You’re a smart person.
You don’t get duped very often.
You know a scam when you see when.
You’re even smart enough to know that $9.95 is really $10.00
See, I told you that you’re smart. Now, given the condescending nature of my tone here, do you think any of your customers wont be smart enough to know this? Now that you have answered this question please ask yourself why you would ever engage in such trick pricing for your customers.
At last, we’re entering the age of ‘authentic capitalism’, and $0.99 cents isn’t fooling anyone. In fact, you’re quite possibly embarrassing yourself on a commercial level and damaging your brand or start up. The threshold price point is the biggest hoax in consumer marketing.
My suggestion, is to have honest pricing. Charge to the dollar. Make it simple and gain respect simultaneously.
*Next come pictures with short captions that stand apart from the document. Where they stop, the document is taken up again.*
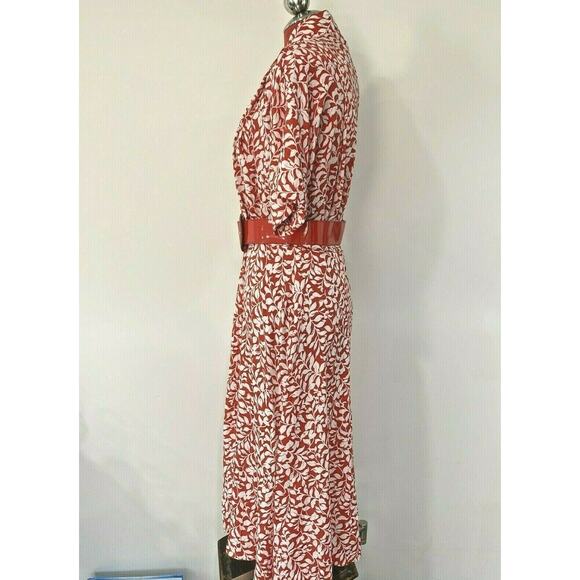 Vintage 1980 red & white true wrap dress short sleeves & patent belt retro chic - Picture 5 of 8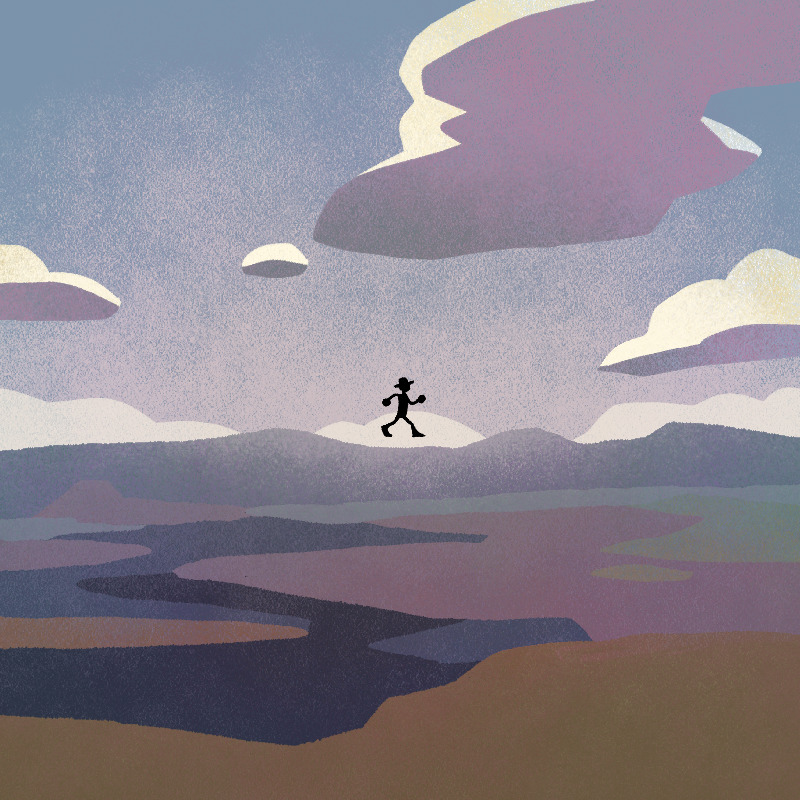 Running Figure Landscape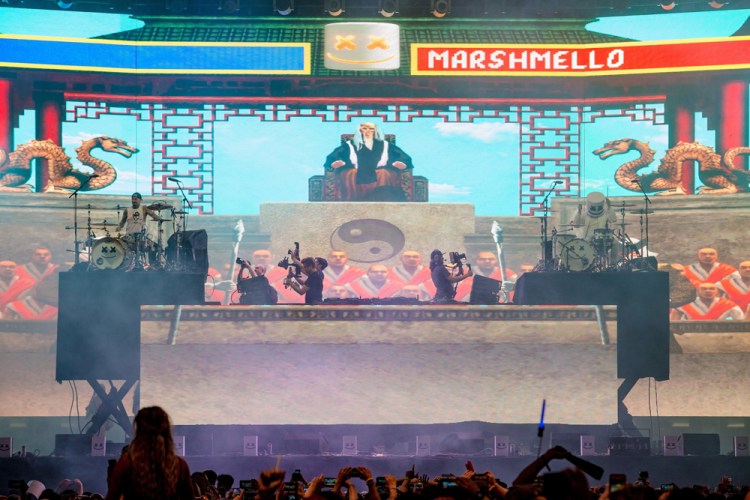 Marshmello performs at the Coachella Music Festival in Indio, California on April 16, 2017. (Photo: Erik Voake)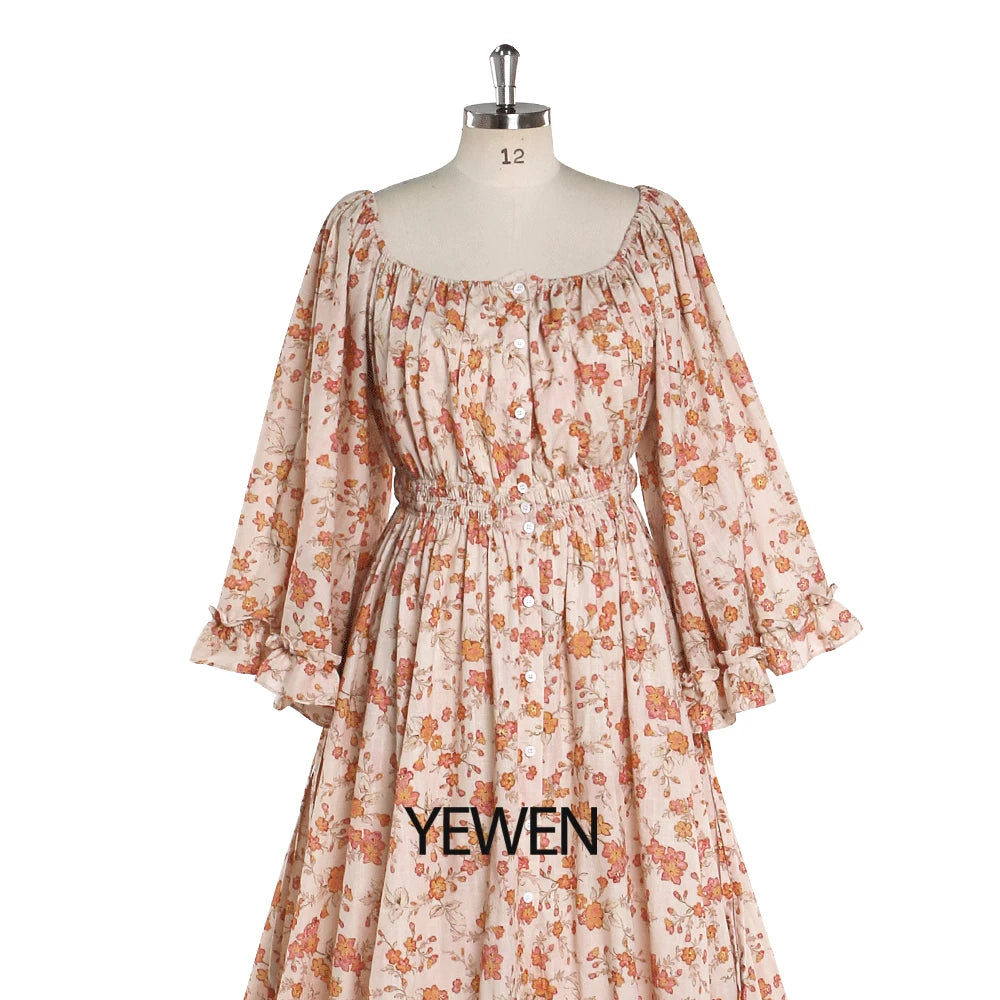 Floral Boho Strectch Neck Photography Dresses with Flare Long Sleeves Baby Shower Dress for Pregnant Woman vestidos SY2025-3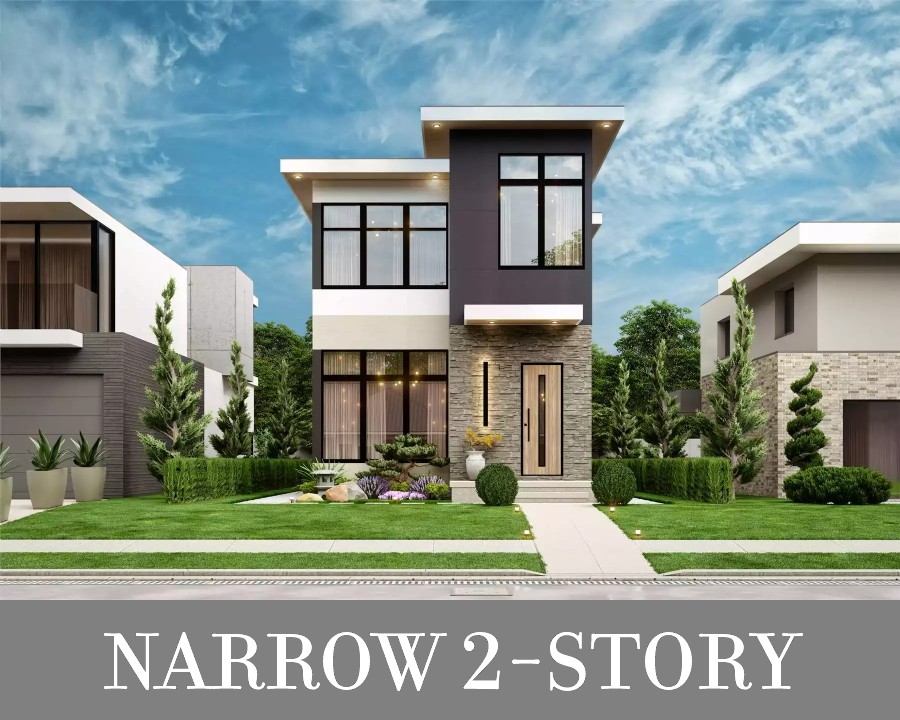 A Narrow 2-Story Home with Open Living, 3 Grouped Bedrooms, and 2.5 Baths at Only 20' Wide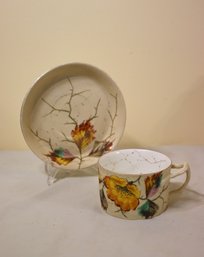 Artisan Craft Pottery Dotted Twig And Leaf Cup And Saucer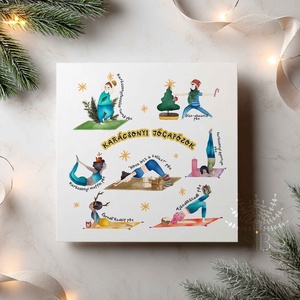Karácsonyi jóga képeslap - Meska.hu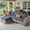 Denim Blue, variant on Ovios 4 Pieces Wicker Patio Furniture Sets Outdoor Conversation Sectional Sofa for Backyard Deck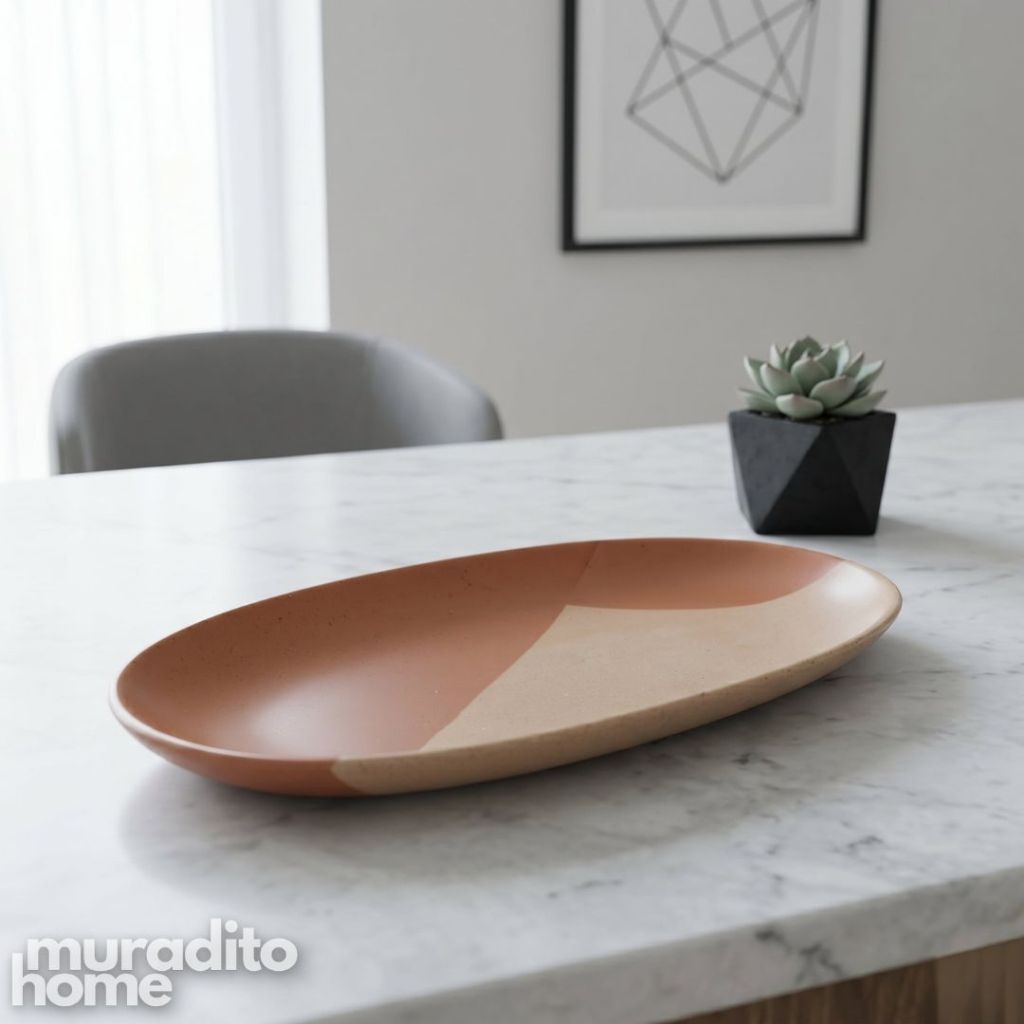 Muraditohome Minimalist Oval Ceramic Serving Dish 12.5x6.25x1.25 inches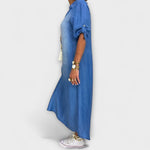 Denim-Look Kleid blau, Seitenschlitz, Puffärmel, seitlicher Schnitt im Lagenlook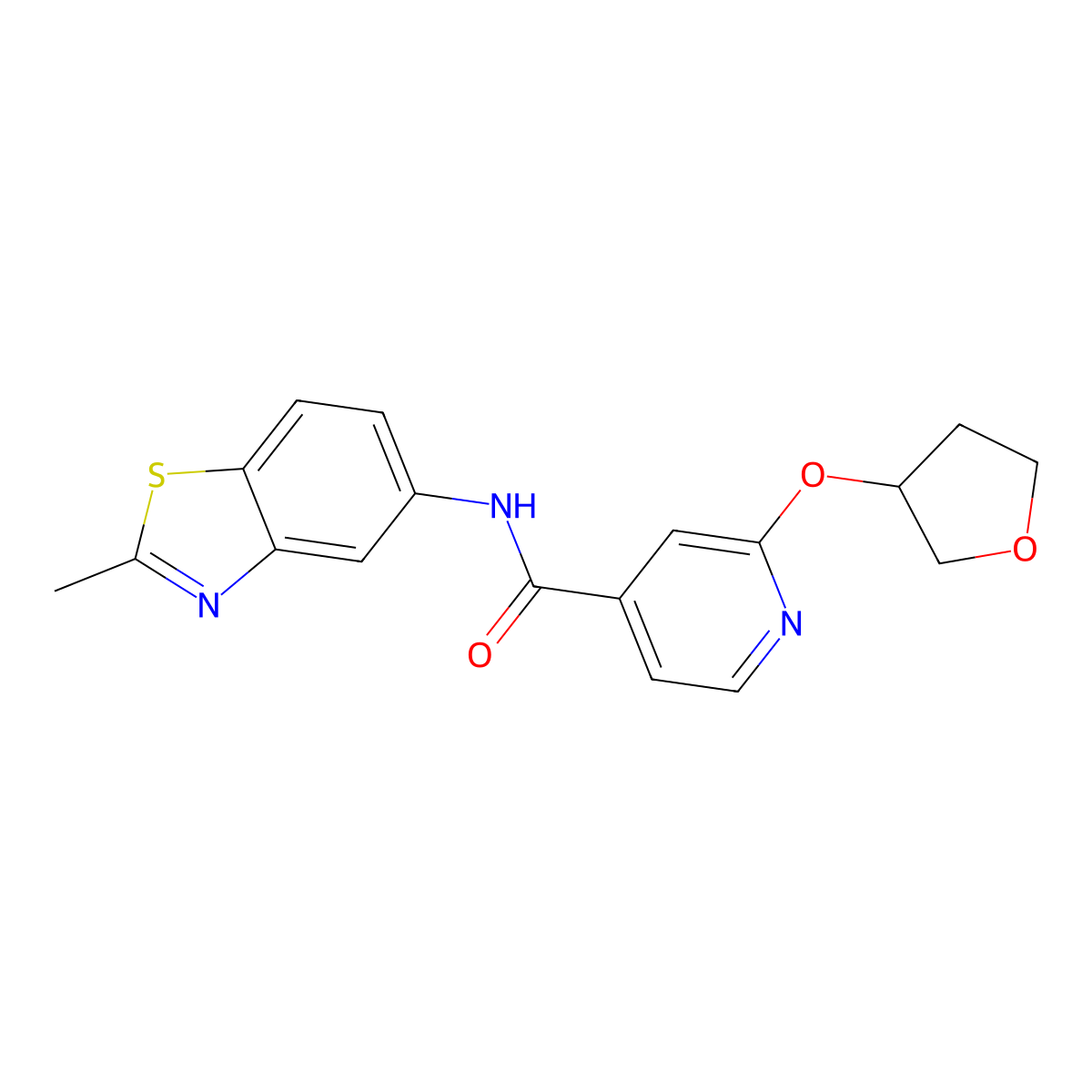 N-(2-methylbenzo[d]thiazol-5-yl)-2-((tetrahydrofuran-3-yl)oxy)isonicotinamide molecular structure, CAS 1903459-41-5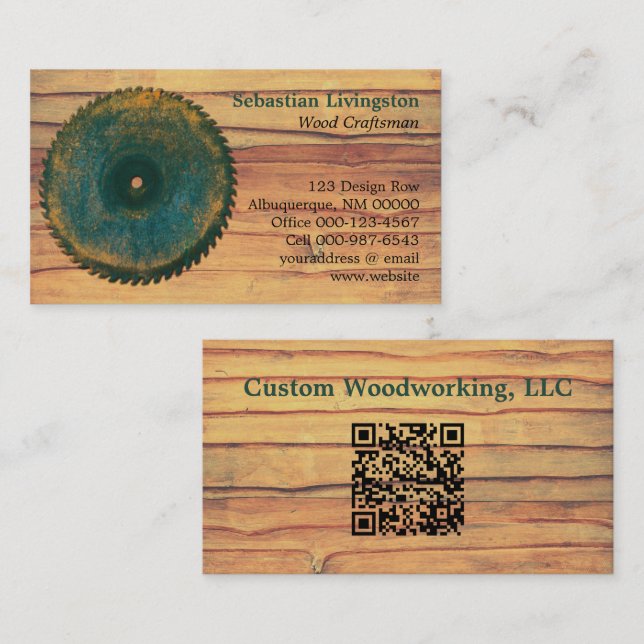 Rustic Circular Saw Woodworking Profession QR Code Business Card (Front/Back)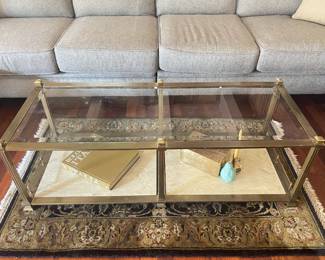 Vintage Brass Glass Stone Coffee table 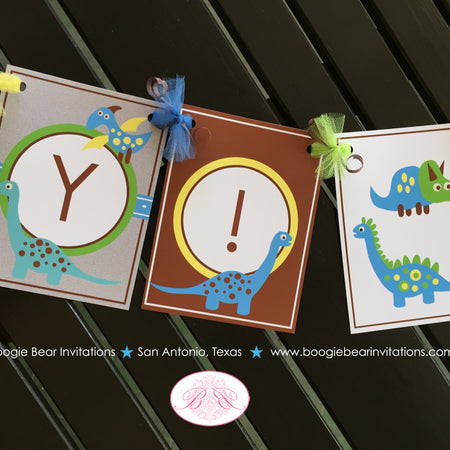 Blue Dinosaur It's A Boy Baby Shower Banner Boogie Bear Invitations Melissa Theme Printed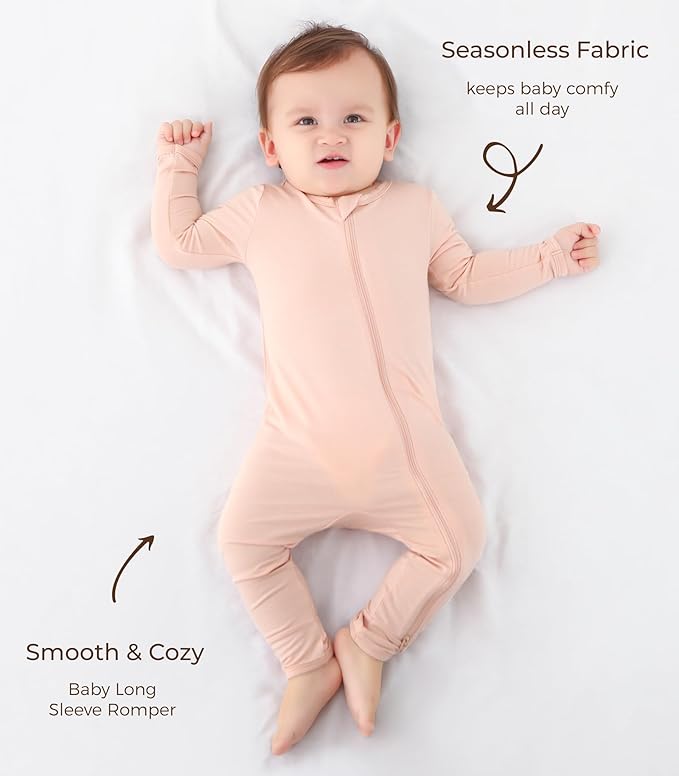 Baby Boys Girls Romper-Viscose Made from Bamboo, Long Sleeve Jumpsuits Soft Footless Rompers, Unisex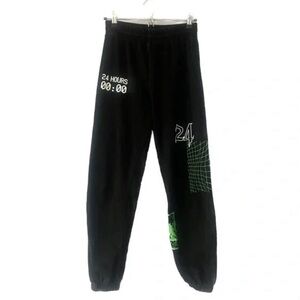 24 Hours Black Joggers with Green Design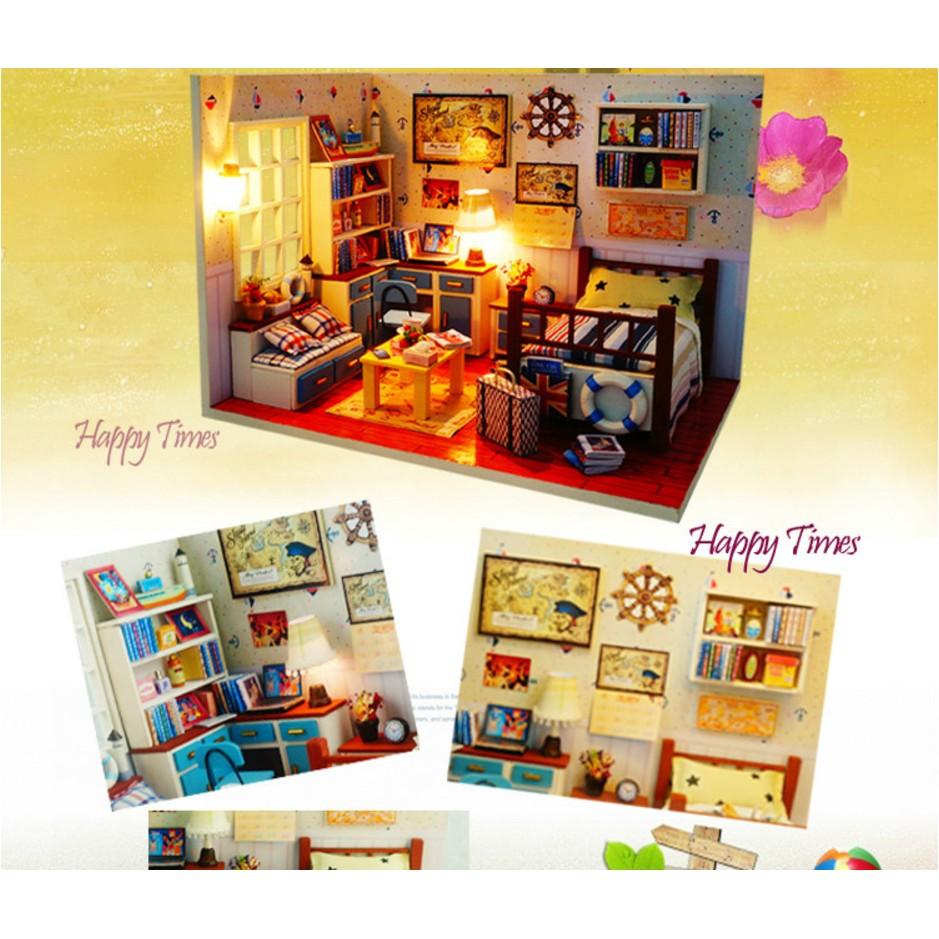 Mô hình phòng ngủ nhà búp bê I-DIY HAPPY TIME với tông màu rực rỡ bắt mắt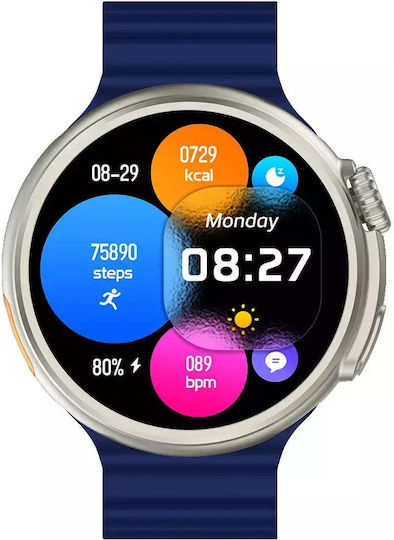Nubi Z78 Ultra Smartwatch Bluetooth Talk Heart Rate Calories Blood Pressure Remote Camera Nfc Ai Voice Assistant Blue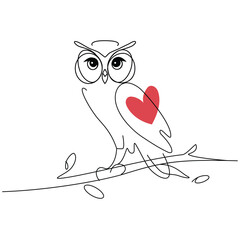 Continuous Line Owl Art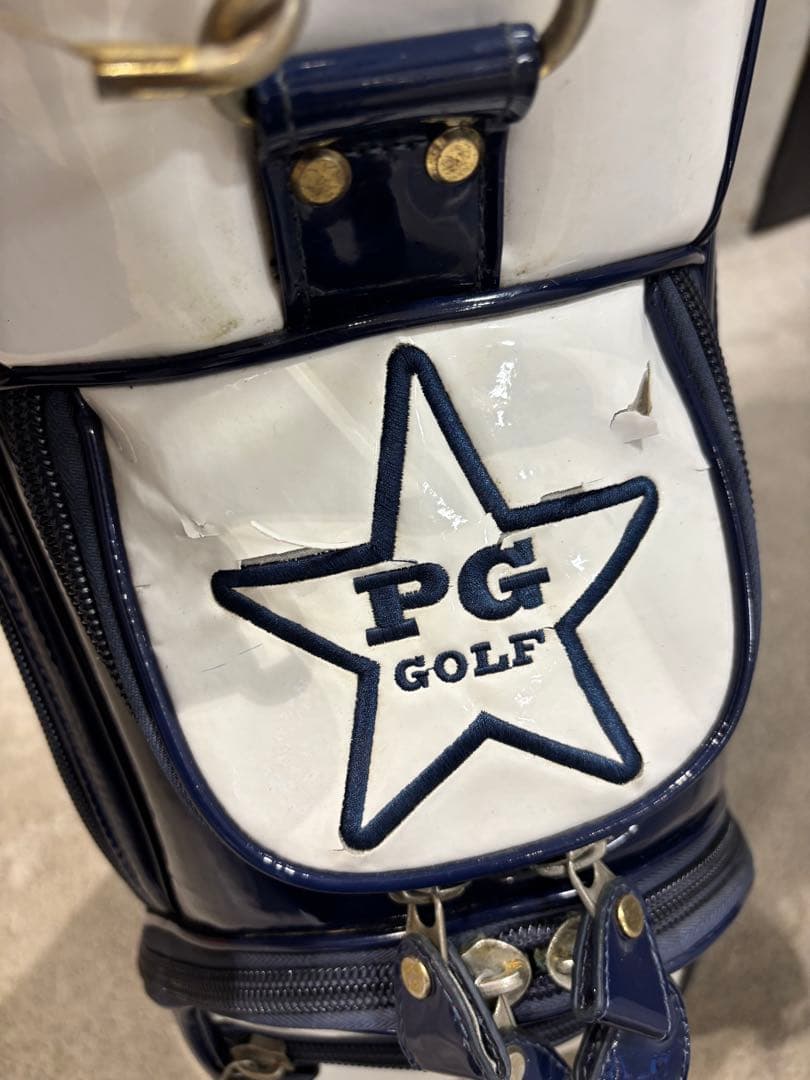 キ*デ様 PEARLY GATES キャディバッグ ホワイト/ネイビー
Your customers wont mind, really.
Who wants a pocket full of change anyway?
Here is the usual order of events:
A commodity moves up astronomically in price, consumer trends change, competiton stiffens, a gap to profit target appears.
Easy solution: just raise the list prices to reflect the gap. Don’t worry about whether your brand equity can stretch that far. Don’t worry about what your competitors are doing when you have brands that are very price sensitive and little brand loyalty.
Senior Management confidently sign off the list price rise, minds already planning where how to spend the bonus.
Then…pain from all sides when consumers refuse to come on the journey.
Then…panic. I’ve already told the wife she can book in for the breast job, the face lift and the new butt.
Trade spend goes into over-drive getting the shelf prices back to where they were before. Then angry scenes when the trade spend is over-spent and Sales come after Marketers like angry wolves to claw back some A&C.
Fingers pointed…”Marketing aren’t accountable enough”…”Sales don’t know how to manage their budget”…”Finance aren’t making these numbers look good enough”….”Why aren’t R&D providing more innovation?”…”There are too overheads in this business”, etc etc ad nauseum.
Anyone who has ever worked in FMCG has seen this before. It’s deja vu everywhere I go.
Agree with what you have said…. but the focus on this entry is the retail pricing policies of companies dealing directly with consumers not charging flat dollar prices.
Is this the comment police?
No policing on this blog. Just dialogue.
My understanding is that the initial driver for the 99 cent suffix on prices was to force sales cashiers to use the till (i.e. the transaction must be rung up so as to provide change). This was meant to reduce some of the risk of pilferage. Over time I expect it also become a “tool” of the evil marketing department.